Planned additions include:

| Name | State (bits) | Output (bits) | Period | Variants |
| ----------------------------------------- | ------------ | ------------- | ----------------- | ---------------------------------- |
| [PCG-XSL-RR](https://www.pcg-random.org/) | 128 | 64 | 2128 | Plain, Atomic3, Sharded |
| [xorshift128+](http://prng.di.unimi.it/) | 128 | 64 | 2128-1 | Plain, Atomic3, Sharded |

## Performance

Tests run on a `Intel(R) Core(TM) i9-8950HK CPU @ 2.90GHz` with Turbo Boost disabled. Lower is better.

### `GOMAXPROCS=1`

| PRNG | Plain | Atomic | Sharded |
| ------------ | -----: | ------------------: | ------: |
| SplitMix64 | 2.02ns | 8.72ns | 7.33ns |
| PCG-XSH-RR | 3.17ns | 11.90ns | 7.33ns |
| Xoshiro256** | 4.57ns | -1 | 12.40ns |
| math/rand | 7.06ns | 24.20ns2 | - |

### `GOMAXPROCS=8`

| PRNG | Plain | Atomic | Sharded |
| ------------ | -----: | ------------------: | ------: |
| SplitMix64 | 0.29ns | 26.20ns | 1.33ns |
| PCG-XSH-RR | 0.41ns | 13.20ns | 1.34ns |
| Xoshiro256** | 0.81ns | -1 | 2.12ns |
| math/rand | 1.19ns | 72.40ns2 | - |

## Usage notes

### Atomic variants

The atomic variant currently relies on `unsafe` to improve the performance of its CAS loops. It does so by calling the unexported `procyield` function in package `runtime`. This dependency will be removed in a future release. Usage of `unsafe` can be disabled by setting the `fastrand_nounsafe` build tag, at the cost of lower performance.
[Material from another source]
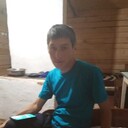  ,   , 45 ,   c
The state of the atomic variants is not padded/aligned to fill the cacheline: if needed users should pad the structure to avoid false sharing of the cacheline.

### Sharded variants

Sharded variants rely on `unsafe` to implement sharding. They do so by calling the unexported `procPin` and `procUnpin` functions in package `runtime`. These functions are used by other packages (e.g. `sync`) for the same purpose, so they are unlikely to disappear/change. Usage of `unsafe` can be disabled by setting the `fastrand_nounsafe` build tag, at the cost of lower performance.

Sharded variants detect the value of `GOMAXPROCS` when they are instantiated (with `NewShardedXxx`). If `GOMAXPROCS` is increased after a sharded PRNG is instantiated it will yield suboptimal performance, as it may dynamically fallback to the corresponding atomic variant.

Sharded variants use more memory for the state than the other variants: in general they use at least `GOMAXPROCS * 64` bytes. This is done to avoid false sharing of cachelines between shards.

Sharded variants do not allow explicit seeding since there is no easy way for a user to obtain a deterministic sequence from these variants (because, in general, goroutines can migrate between threads at any time).

## License

[MIT](LICENSE)

---

1 there is no atomic variant for Xoshiro256** because its large state is not amenable to a performant atomic implementation.

2 the `math/rand` atomic variant is not a pure non-locking implementation, since it is implemented by guarding a `rand.Rand` using a `sync.Mutex`.

3 only for platforms where 128 bit CAS primitives are supported.